● **WHAT NEEDS TO BE DONE**:
Where an entry holds an image, leave the image out; otherwise reproduce the entry exactly.

● **Image-text web data**:
________________

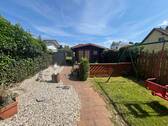 Garten - 8 Zimmer Reihenmittelhaus zum Kaufen in Hermeskeil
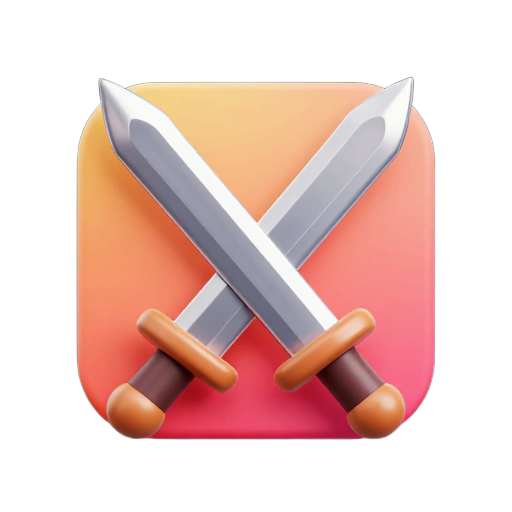 ⚔️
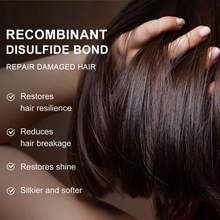 Load image into Gallery viewer, Hair Treatment For Damaged Hair
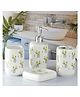 Kookee Ceramic Bathroom Set
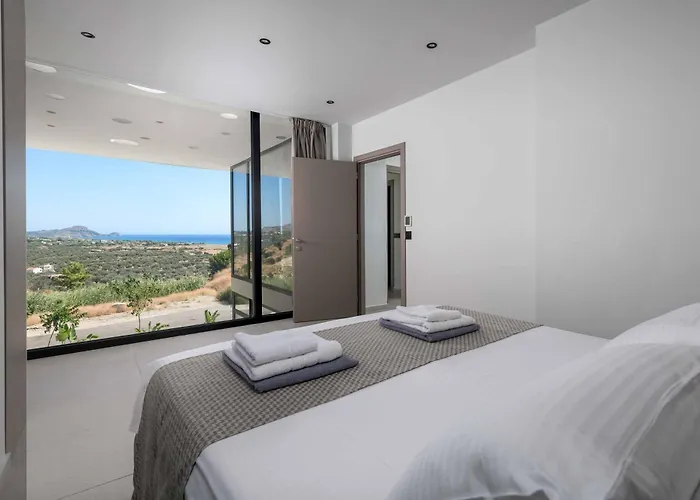 Villa Trapezia Diamond *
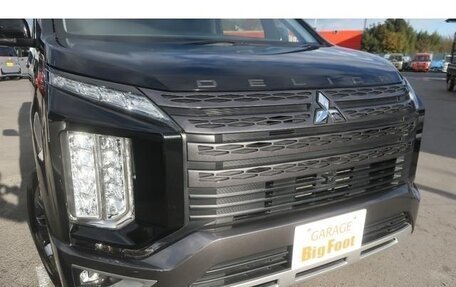 Mitsubishi Delica D:5 I, 2021 год, 2 790 000 рублей, 8 фотография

________________

● **SOLVED PROBLEM**:
 Garten - 8 Zimmer Reihenmittelhaus zum Kaufen in Hermeskeil
 ⚔️
 Load image into Gallery viewer, Hair Treatment For Damaged Hair
 Kookee Ceramic Bathroom Set
 Villa Trapezia Diamond *
 Mitsubishi Delica D:5 I, 2021 год, 2 790 000 рублей, 8 фотография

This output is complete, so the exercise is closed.